━━ DATA EXCERPT ━━
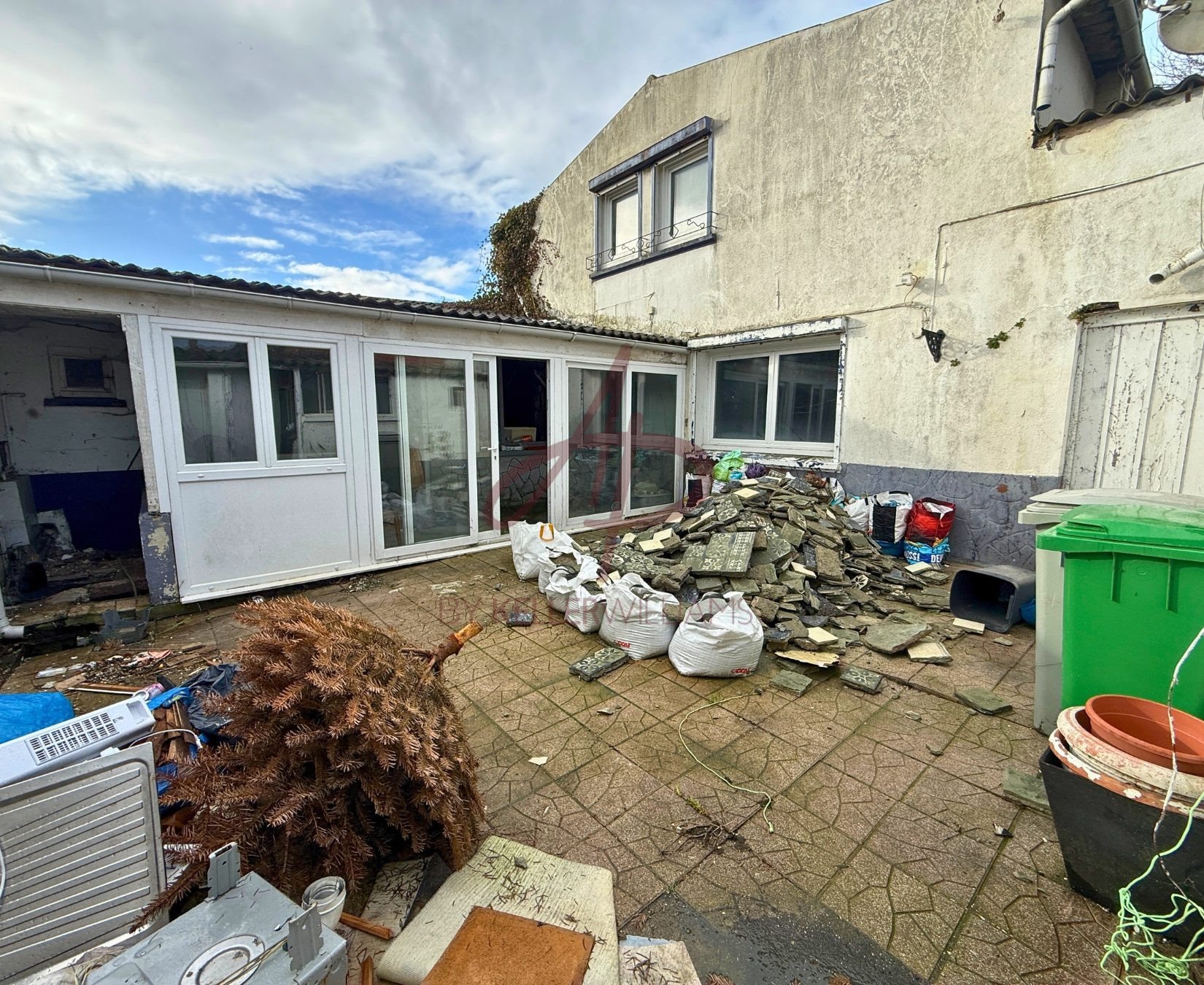 Maison à vendre, 90m², Ostricourt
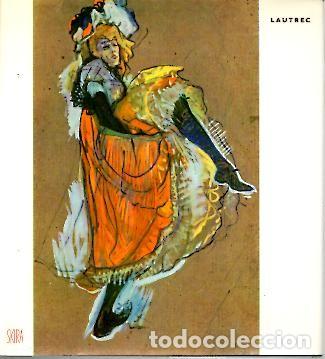 Libros: LAUTREC. - LASSAIGNE, Jacques. - Foto 1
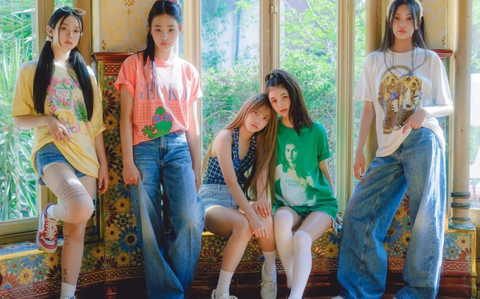 NewJeans NewJeans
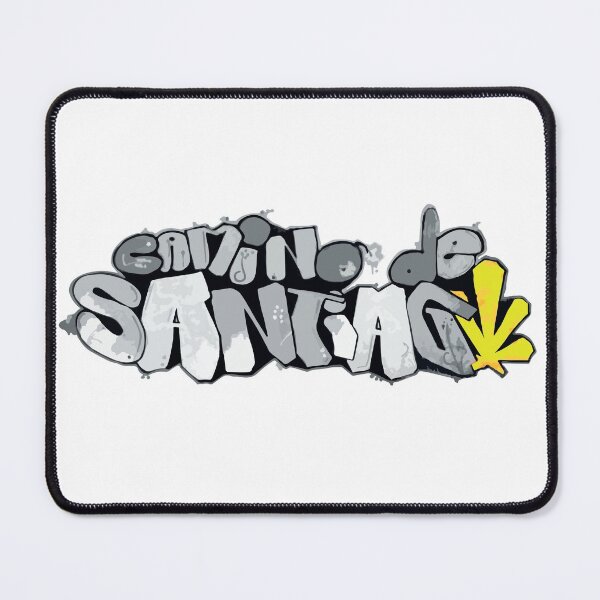 Item preview, El Camino Mural on The Way designed and sold by Caminovi.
━━━
Wherever a picture appears in the material above, skip it and copy the rest without change.

**ANSWER SECTION**
 Maison à vendre, 90m², Ostricourt
 Libros: LAUTREC. - LASSAIGNE, Jacques. - Foto 1
 NewJeans NewJeans
 Item preview, El Camino Mural on The Way designed and sold by Caminovi.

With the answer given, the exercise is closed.